We are exposed to fluctuations in currency exchange rates which could negatively affect our
financial results and cash flows.
Because a majority of our business is conducted outside the United States, we face exposure to
adverse movements in non-US currency exchange rates. These exposures may change over time as
business practices evolve and could have a material adverse impact on our financial results and
cash flows.
The majority of our revenues and expenses are transacted in US Dollars. We also have some
transactions that are denominated in foreign currencies, primarily the Japanese Yen, Hong Kong
Dollar, British Pound and the Euro, related to our sales and service operations outside of the
United States. An increase in the value of the US Dollar could increase the real cost to our
customers of our products in those markets outside the United States where we sell in US Dollars,
and a weakened dollar could increase the cost of local operating expenses and procurement of raw
materials to the extent we must purchase components in foreign currencies.
Currently, we hedge only those currency exposures associated with certain assets and
liabilities denominated in nonfunctional currencies and periodically will hedge anticipated foreign
currency cash flows. The hedging activities undertaken by us are intended to offset the impact of
currency fluctuations on certain nonfunctional currency assets and liabilities. If our attempts to
hedge against these risks are not successful, our net income could be adversely impacted.
16
Traditional telecommunications companies and other large companies generally require more
onerous terms and conditions of their vendors. As we seek to sell more products to such customers,
we may be required to agree to terms and conditions that may have an adverse effect on our
business.
Traditional telecommunications companies and other large companies, because of their size,
generally have had greater purchasing power and, accordingly, have requested and received more
favorable terms, which often translate into more onerous terms and conditions for their vendors. As
we seek to sell more products to this class of customer, we may be required to agree to such terms
and conditions, which may include terms that affect the timing of our ability to recognize revenue
and have an adverse effect on our business and financial condition.
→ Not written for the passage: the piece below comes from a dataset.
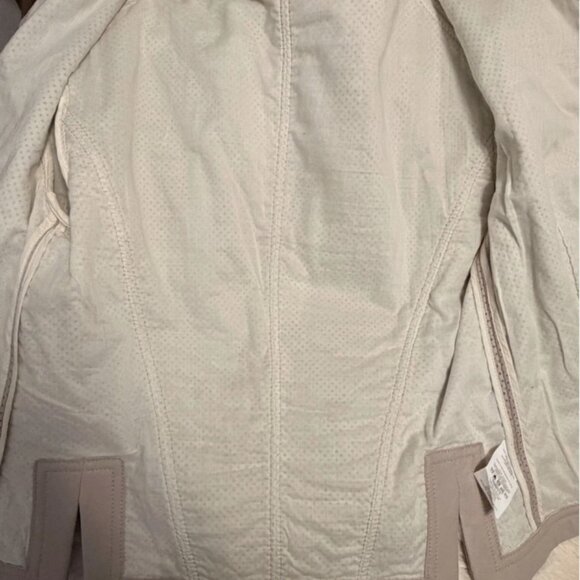 Tory Burch Womens Size 8 Nicki Perforated Lamb Leather Jacket Beige Zip - Picture 4 of 6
For example, many customers in this class have purchased products from other vendors who
promised certain functionality and failed to deliver such functionality and/or had products that
caused problems and outages in the networks of these customers. As a result, this class of
customers may request additional features from us and require substantial penalties for failure to
deliver such features or may require substantial penalties for any network outages that may be
caused by our products. These additional requests and penalties, if we are required to agree to
them, would affect our ability to recognize the revenues from such sales, which may negatively
affect our business and our financial condition.
Our products incorporate and rely upon licensed third-party technology and if licenses of
third-party technology do not continue to be available to us or become very expensive, our revenues
and ability to develop and introduce new products could be adversely affected.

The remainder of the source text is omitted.